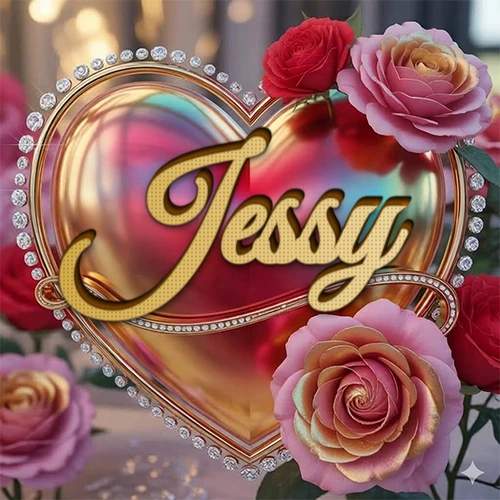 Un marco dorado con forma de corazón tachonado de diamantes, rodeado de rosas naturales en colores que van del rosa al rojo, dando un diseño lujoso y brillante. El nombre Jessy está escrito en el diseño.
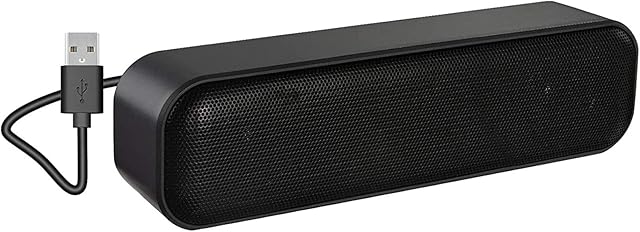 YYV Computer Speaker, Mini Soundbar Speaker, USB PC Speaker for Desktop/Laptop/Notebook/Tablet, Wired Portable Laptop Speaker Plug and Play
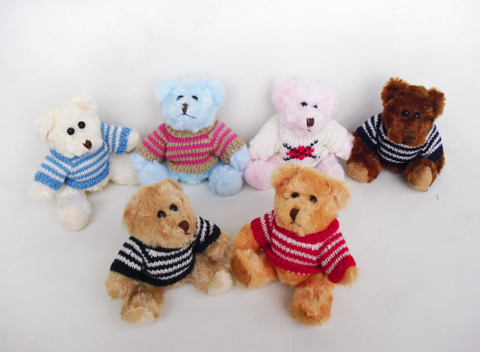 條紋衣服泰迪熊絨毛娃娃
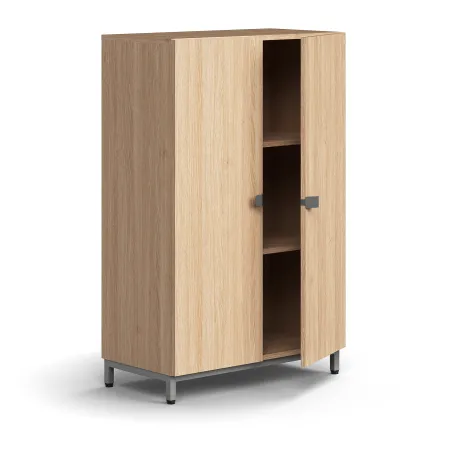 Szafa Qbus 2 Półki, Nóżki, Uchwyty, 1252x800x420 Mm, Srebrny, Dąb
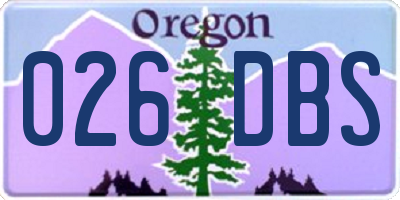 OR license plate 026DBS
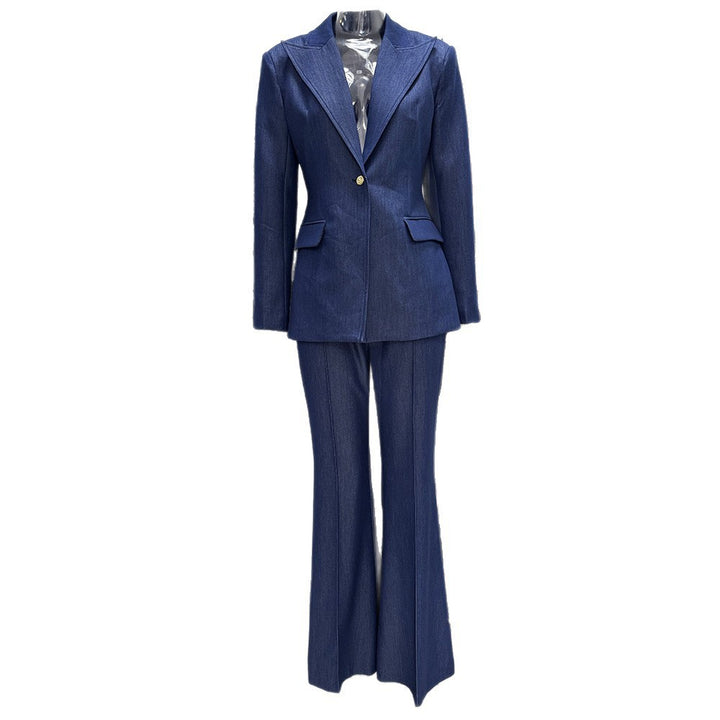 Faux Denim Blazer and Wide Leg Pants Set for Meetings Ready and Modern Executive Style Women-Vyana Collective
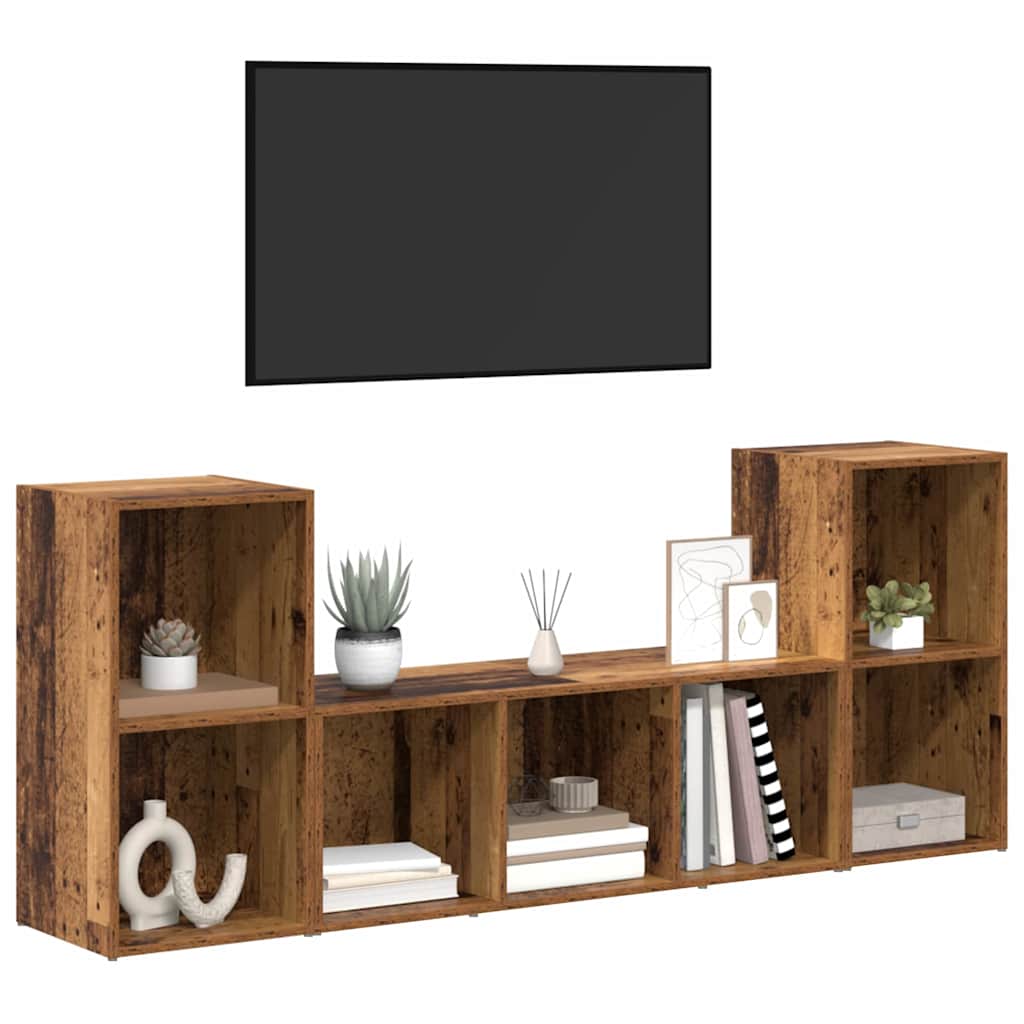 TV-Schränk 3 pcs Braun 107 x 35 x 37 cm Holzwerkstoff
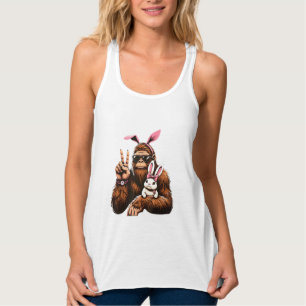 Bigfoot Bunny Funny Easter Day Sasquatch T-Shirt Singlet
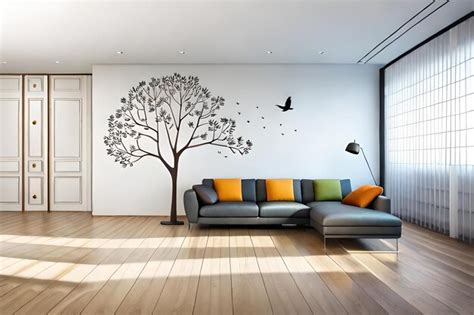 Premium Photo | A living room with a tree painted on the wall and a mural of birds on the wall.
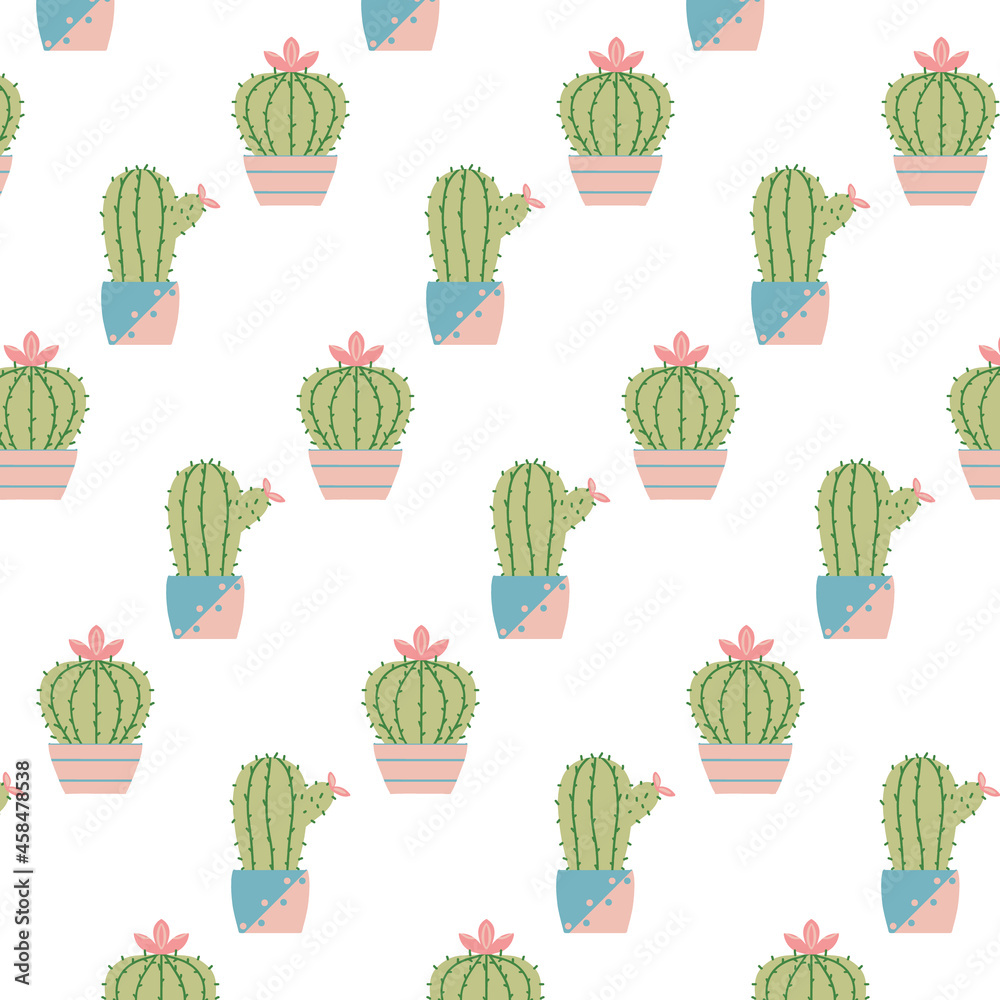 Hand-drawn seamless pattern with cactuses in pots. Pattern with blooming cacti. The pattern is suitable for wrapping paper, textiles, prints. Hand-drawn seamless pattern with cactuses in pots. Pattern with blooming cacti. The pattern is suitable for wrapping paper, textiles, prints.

--

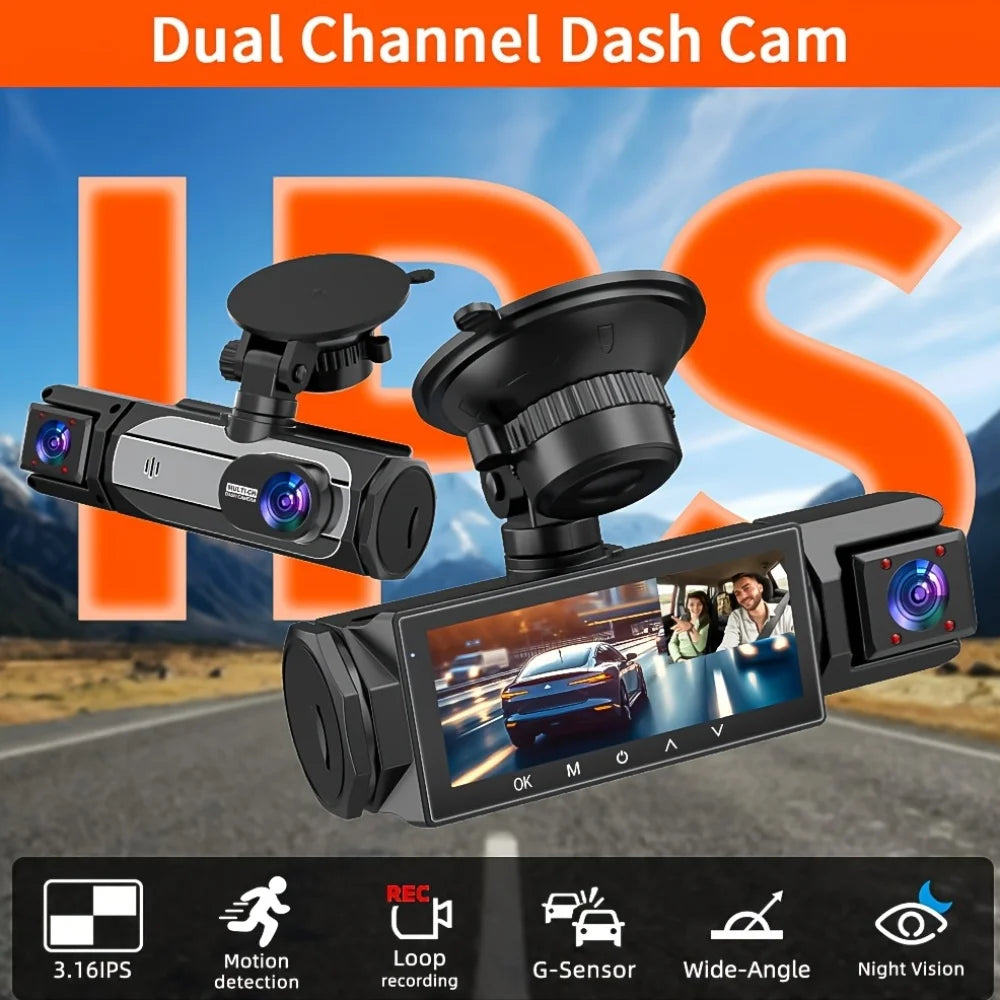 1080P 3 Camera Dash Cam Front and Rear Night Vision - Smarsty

Exercise instructions: Copy needed, without pictures: the lines of the listing above from the line containing "Faux Denim Blazer" up to and including the line containing "Bigfoot Bunny Funny", set down exactly.

Answer space:
 Faux Denim Blazer and Wide Leg Pants Set for Meetings Ready and Modern Executive Style Women-Vyana Collective
 TV-Schränk 3 pcs Braun 107 x 35 x 37 cm Holzwerkstoff
 Bigfoot Bunny Funny Easter Day Sasquatch T-Shirt Singlet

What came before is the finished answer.